[A] A painting of this exquisite lake has been recently executed by Mr. George Barnard.
ASCENT OF THE FINSTERAARHORN, 1858.
(16.)
MY GUIDE. 1858.
Since my arrival at the hotel on the 30th of July I had once or twice spoken about ascending the Finsteraarhorn, and on the 2nd of August my host advised me to avail myself of the promising weather. A guide, named Bennen, was attached to the hotel, a remarkable-looking man, between 30 and 40 years old, of middle stature, but very strongly built. His countenance was frank and firm, while a light of good-nature at times twinkled in his eye. Altogether the man gave me the impression of physical strength, combined with decision of character. The proprietor had spoken to me many times of the strength and courage of this man, winding up his praises of him by the assurance that if I were killed in Bennen's company there would be two lives lost, for that the guide would assuredly sacrifice himself in the effort to save his Herr.
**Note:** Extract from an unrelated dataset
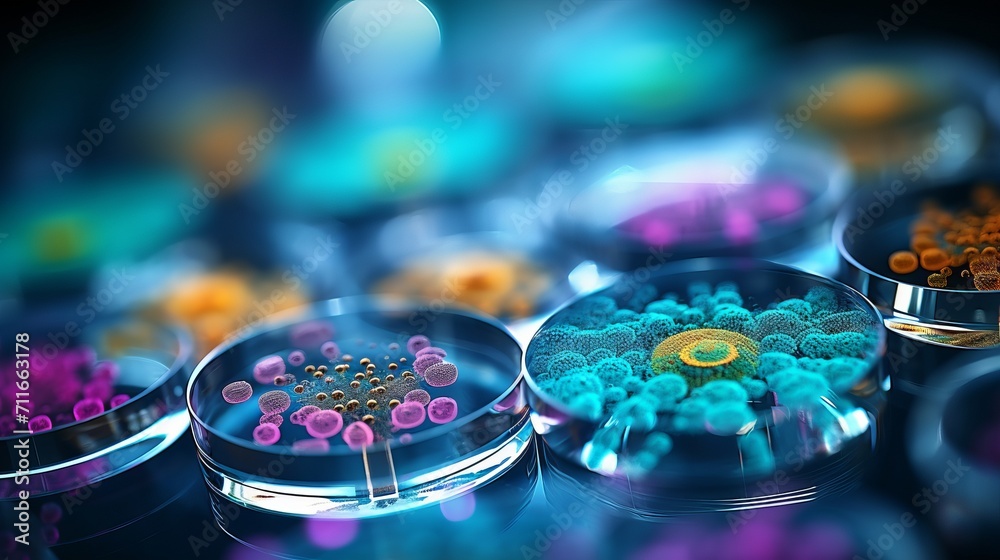 High resolution macro close up of bacteria and virus cells in a scientific laboratory petri dish High resolution macro close up of bacteria and virus cells in a scientific laboratory petri dish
He was called, and I asked him whether he would accompany me alone to the top of the Finsteraarhorn. To this he at first objected, urging the possibility of his having to render me assistance, and the great amount of labour which this might entail upon him; but this was overruled by my engaging to follow where he led, without asking him to render me any help whatever. He then agreed to make the trial, stipulating, however, that he should not have much to carry to the cave of the Faulberg, where we were to spend the night. To this I cordially agreed, and sent on blankets, provisions, wood, and hay, by two porters.
IRIDESCENT CLOUD. 1858.
My desire, in part, was to make a series of observations at the summit of the mountain, while a similar series was made by Professor Ramsay in the valley of the Rhone, near Viesch, with a view to ascertaining the permeability of the lower strata of the atmosphere to the radiant heat of the sun. During the forenoon of the 2nd I occupied myself with my instruments, and made the proper arrangements with Ramsay. I tested a mountain-thermometer which Mr. Casella had kindly lent me, and found the boiling point of water on the dining-room table of the hotel to be 199.29° Fahrenheit. At about three o'clock in the afternoon we quitted the hotel, and proceeded leisurely with our two guides up the slope of the Æggischhorn. We once caught a sight of the topmost pinnacle of the Finsteraarhorn; beside it was the Rothhorn, and near this again the Oberaarhorn, with the Viescher glacier streaming from its shoulders. On the opposite side we could see, over an oblique buttress of the mountain on which we stood, the snowy summit of the Weisshorn; to the left of this was the ever grim and lonely Matterhorn; and farther to the left, with its numerous snow-cones, each with its attendant shadow, rose the mighty Mischabel. We descended, and crossed the stream which flows from the Märjelen See, into which a large mass of the glacier had recently fallen, and was now afloat as an iceberg. We passed along the margin of the lake, and at the junction of water and ice I bade Ramsay good-bye. At the commencement of our journey upon the ice, whenever we crossed a crevasse, I noticed Bennen watching me; his vigilance, however, soon diminished, whence I gathered that he finally concluded that I was able to take care of myself. Clouds hovered in the atmosphere throughout the whole time of our ascent; one smoky-looking mass marred the glory of the sunset, but at some distance was another which exhibited colours almost as rich and varied as those of the solar spectrum. I took the glorious banner thus unfurled as a sign of hope, to check the despondency which its gloomy neighbour was calculated to produce.